Livers of the Rivers: Stakeholder Collaboration Aims to Benefit Freshwater Mussels
Freshwater mussels may lack charisma, as they look like nothing more than rocks. But that belies the natural wonders of their life-history and their incredibly important role in the ecology of streams and the people and economies that rely on the same water. Thanks to inclusion of stakeholders and voluntary conservation opportunities, work getting underway in Texas holds promise for mussels in most need, including four Central Texas freshwater mussel species considered for listing under the Endangered Species Act (ESA): the false spike, Texas fatmucket, Texas fawnsfoot, and the Texas pimpleback.
On February 7, 2017, more than 100 stakeholders gathered in Austin, Texas, to hear from top State and Federal officials about research focused on these freshwater mussel species. Glenn Hegar, the Texas Comptroller of Public Accounts, recently awarded $2.3 million dollars to advance the scientific understanding of these mussel species given that many are concerned that the conservation actions for mussels in water scarce central Texas have the potential to impact the Texas economy, especially during times of drought. These four species are unique to the Brazos, Colorado and Guadalupe River basins and lie in the U.S. Fish and Wildlife Service’s (Service) - Southwest Region’s East Texas-East Oklahoma Emphasis Area. These areas provide habitat for freshwater mussels that are found nowhere else in the world.
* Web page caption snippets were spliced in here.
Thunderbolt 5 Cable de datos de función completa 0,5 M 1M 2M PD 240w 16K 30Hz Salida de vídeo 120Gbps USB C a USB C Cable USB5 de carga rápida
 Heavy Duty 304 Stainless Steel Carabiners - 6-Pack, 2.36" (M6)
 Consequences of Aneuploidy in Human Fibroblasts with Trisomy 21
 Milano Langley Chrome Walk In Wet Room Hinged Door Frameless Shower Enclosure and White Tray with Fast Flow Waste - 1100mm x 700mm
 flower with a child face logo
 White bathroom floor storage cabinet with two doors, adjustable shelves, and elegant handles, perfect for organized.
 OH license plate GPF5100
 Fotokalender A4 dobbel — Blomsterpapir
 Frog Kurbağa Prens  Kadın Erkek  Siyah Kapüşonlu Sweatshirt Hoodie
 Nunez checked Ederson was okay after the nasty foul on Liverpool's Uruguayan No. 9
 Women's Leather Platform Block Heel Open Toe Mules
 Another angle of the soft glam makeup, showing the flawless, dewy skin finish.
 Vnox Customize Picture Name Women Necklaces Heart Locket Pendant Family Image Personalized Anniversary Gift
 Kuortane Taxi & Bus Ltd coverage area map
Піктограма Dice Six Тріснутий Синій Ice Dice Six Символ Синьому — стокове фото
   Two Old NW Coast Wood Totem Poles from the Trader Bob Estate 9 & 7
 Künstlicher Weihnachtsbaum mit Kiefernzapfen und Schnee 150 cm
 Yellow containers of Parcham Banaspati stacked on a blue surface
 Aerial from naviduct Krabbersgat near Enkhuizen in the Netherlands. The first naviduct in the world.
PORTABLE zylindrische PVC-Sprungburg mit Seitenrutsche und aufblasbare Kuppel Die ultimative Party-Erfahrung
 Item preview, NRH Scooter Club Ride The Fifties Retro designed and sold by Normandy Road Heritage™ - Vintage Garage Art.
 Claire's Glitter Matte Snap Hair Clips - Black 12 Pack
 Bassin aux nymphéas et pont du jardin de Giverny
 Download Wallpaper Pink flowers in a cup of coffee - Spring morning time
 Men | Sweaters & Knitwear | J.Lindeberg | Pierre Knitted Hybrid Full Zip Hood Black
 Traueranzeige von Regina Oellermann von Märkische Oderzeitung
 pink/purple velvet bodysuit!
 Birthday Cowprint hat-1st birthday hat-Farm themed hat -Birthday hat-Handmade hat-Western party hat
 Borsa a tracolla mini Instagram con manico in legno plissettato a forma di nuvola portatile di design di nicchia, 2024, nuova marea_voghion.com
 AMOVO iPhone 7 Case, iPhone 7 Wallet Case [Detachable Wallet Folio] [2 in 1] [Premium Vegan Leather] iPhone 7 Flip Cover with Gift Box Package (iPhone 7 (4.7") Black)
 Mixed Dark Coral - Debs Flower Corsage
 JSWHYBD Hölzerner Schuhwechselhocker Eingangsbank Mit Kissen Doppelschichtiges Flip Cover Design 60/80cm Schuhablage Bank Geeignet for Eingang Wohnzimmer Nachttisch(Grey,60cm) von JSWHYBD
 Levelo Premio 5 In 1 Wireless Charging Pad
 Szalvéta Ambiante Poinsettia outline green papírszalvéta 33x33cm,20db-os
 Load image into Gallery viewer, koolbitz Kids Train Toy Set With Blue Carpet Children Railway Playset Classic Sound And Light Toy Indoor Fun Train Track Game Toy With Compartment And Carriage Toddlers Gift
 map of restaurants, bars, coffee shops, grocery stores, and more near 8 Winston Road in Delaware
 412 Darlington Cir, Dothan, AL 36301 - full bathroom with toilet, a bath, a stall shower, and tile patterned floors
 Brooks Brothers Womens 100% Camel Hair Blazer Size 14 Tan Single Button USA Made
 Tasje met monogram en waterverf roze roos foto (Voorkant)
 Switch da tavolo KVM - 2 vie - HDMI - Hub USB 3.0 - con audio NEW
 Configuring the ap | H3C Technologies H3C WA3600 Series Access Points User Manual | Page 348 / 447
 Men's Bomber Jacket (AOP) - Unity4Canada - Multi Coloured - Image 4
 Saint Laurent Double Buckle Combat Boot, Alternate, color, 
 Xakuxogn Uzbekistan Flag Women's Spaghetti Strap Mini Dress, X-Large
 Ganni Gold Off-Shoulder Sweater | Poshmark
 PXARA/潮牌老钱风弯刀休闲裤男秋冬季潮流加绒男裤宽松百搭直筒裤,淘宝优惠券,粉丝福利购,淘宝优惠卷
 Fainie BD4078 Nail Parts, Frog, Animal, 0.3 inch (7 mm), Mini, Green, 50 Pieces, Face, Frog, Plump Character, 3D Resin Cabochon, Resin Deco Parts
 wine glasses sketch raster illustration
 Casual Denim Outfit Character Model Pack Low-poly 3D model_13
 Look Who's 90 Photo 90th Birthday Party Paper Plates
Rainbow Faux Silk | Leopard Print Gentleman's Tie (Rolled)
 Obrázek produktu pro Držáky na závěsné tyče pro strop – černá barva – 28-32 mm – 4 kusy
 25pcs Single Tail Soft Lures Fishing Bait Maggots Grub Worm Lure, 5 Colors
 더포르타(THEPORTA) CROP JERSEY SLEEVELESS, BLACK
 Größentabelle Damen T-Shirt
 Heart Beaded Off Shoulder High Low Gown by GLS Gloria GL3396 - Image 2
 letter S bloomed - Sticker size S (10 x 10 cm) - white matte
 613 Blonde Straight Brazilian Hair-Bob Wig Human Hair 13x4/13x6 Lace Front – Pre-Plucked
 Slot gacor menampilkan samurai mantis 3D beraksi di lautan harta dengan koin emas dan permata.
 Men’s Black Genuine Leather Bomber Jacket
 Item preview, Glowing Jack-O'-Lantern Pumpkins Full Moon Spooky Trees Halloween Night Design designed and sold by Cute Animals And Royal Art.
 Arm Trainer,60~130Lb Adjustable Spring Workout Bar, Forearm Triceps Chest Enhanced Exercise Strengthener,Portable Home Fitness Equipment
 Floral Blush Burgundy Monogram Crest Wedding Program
Photo: Gary Pandolfi, USFWS
Mussels everywhere face similar threats: habitat loss from land use changes, forest cover removal with subsequent sedimentation and impoundments. The false spike, Texas fatmucket, Texas fawnsfoot, and the Texas pimpleback are no different. They require clean, reliable flowing water over a stable stream bottom. Consequently, impoundments hurt mussel populations by limiting their ranges and their ability to survive in these waterways.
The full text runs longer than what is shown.